= EXERCISE =
Everything in the listing below must be set down again exactly, apart from the pictures.

= EXERCISE INPUT =

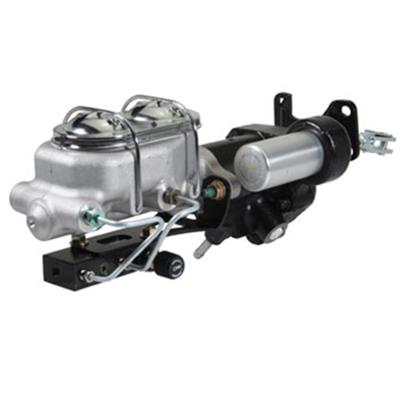 Classic Performance Street Beast Hydraulic Brake Assist Kits - 5564HBKSB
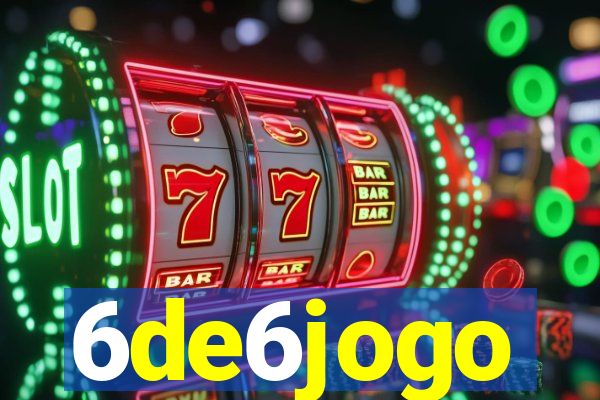 6de6jogo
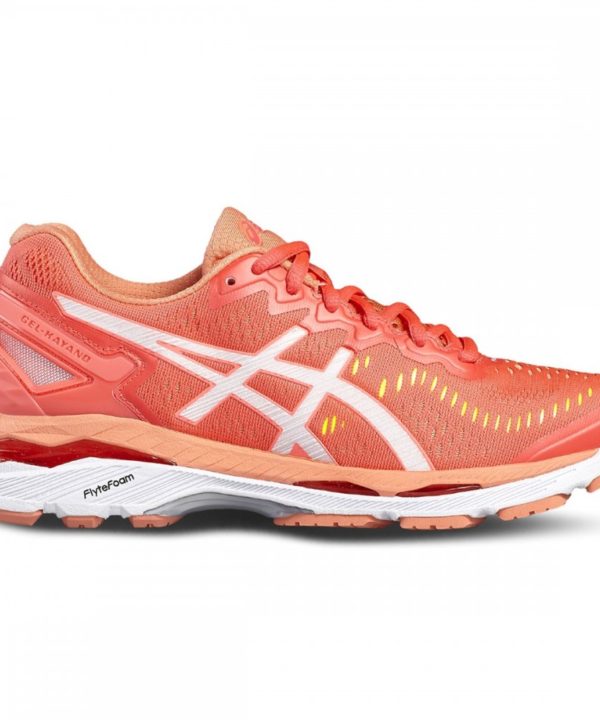 ASICS Gel-Kayano 23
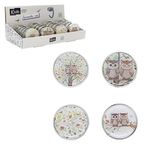 Kiub - Accroche sac en metal portfolio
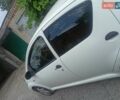 Білий БІД Ф0, об'ємом двигуна 1 л та пробігом 67 тис. км за 3500 $, фото 1 на Automoto.ua
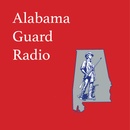 Alabama Guard Radio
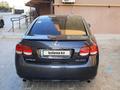 Lexus GS 300 2006 годаүшін6 200 000 тг. в Актау – фото 4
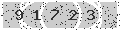 verify code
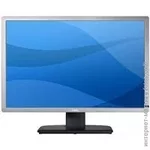 images.webp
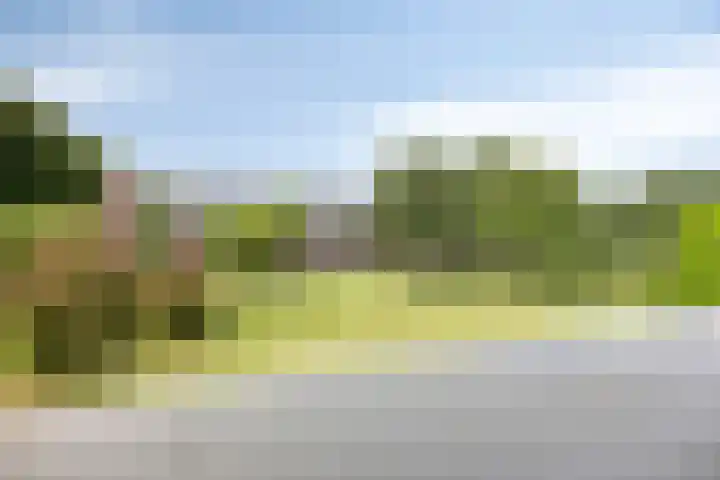 Hertogenlaan 108 Oosterhout thumbnail 9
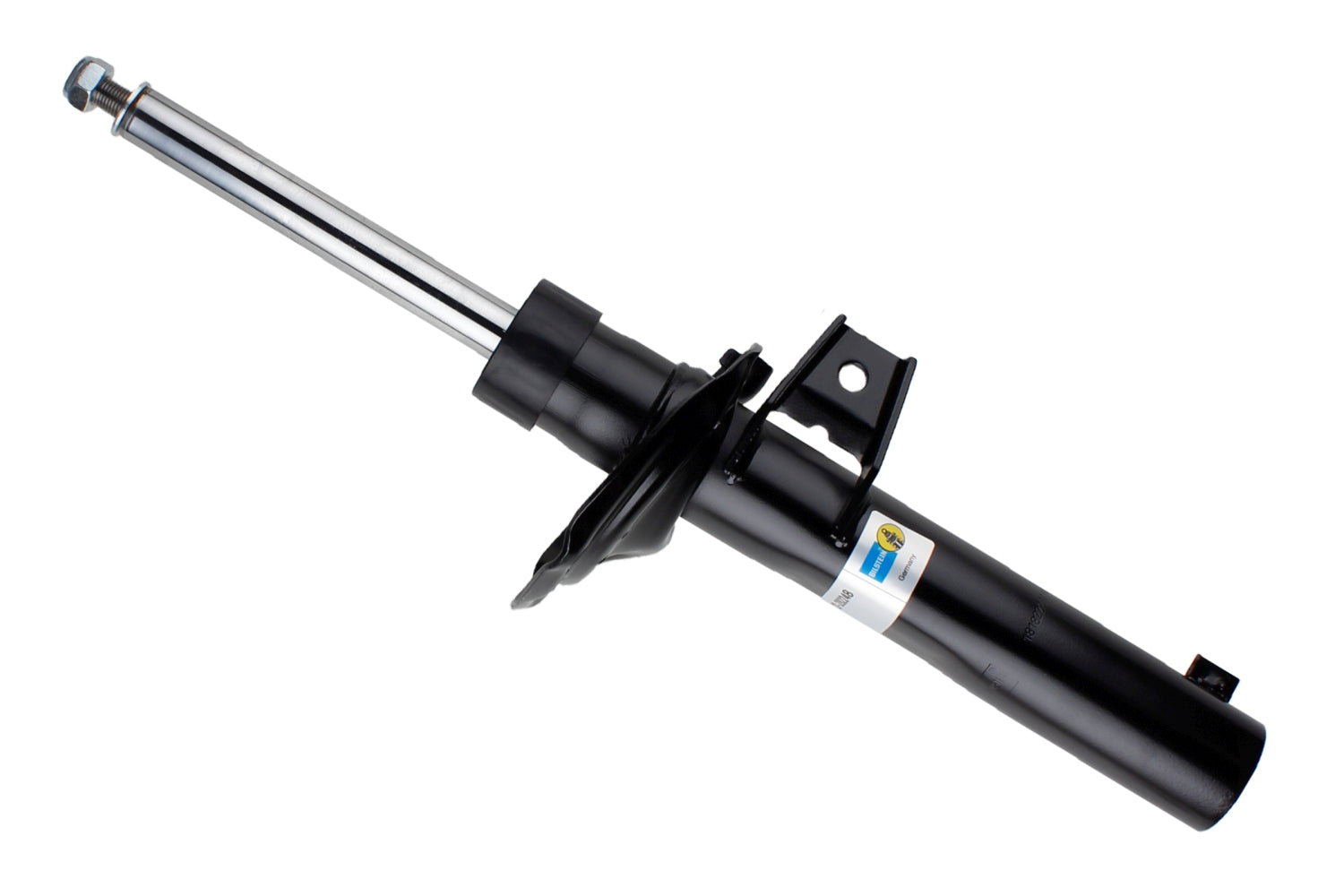 FEBI BILSTEIN Spoorstangeind voor o.a. Daihatsu - 41375, 4027816413752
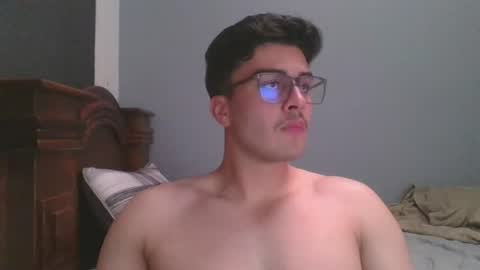 Snapshot of josepablomataflores chatting on August 2, 2026, 6:39 pm josepablomataflores online show from August 2, 2026, 6:39 pm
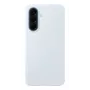 Samsung EF-PA576CLEGWW vāciņš mobilajam telefonam 17 cm (6,7 collas) Cover gaiši zils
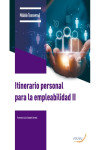 Itinerario Personal para la Empleabilidad II | 9791388085246 | Portada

= TASK RESULT =
 Classic Performance Street Beast Hydraulic Brake Assist Kits - 5564HBKSB
 6de6jogo
 ASICS Gel-Kayano 23
 Kiub - Accroche sac en metal portfolio
 Білий БІД Ф0, об'ємом двигуна 1 л та пробігом 67 тис. км за 3500 $, фото 1 на Automoto.ua
 Alabama Guard Radio
 Lexus GS 300 2006 годаүшін6 200 000 тг. в Актау – фото 4
 verify code
 images.webp
 Hertogenlaan 108 Oosterhout thumbnail 9
 FEBI BILSTEIN Spoorstangeind voor o.a. Daihatsu - 41375, 4027816413752
 Snapshot of josepablomataflores chatting on August 2, 2026, 6:39 pm josepablomataflores online show from August 2, 2026, 6:39 pm
 Samsung EF-PA576CLEGWW vāciņš mobilajam telefonam 17 cm (6,7 collas) Cover gaiši zils
 Itinerario Personal para la Empleabilidad II | 9791388085246 | Portada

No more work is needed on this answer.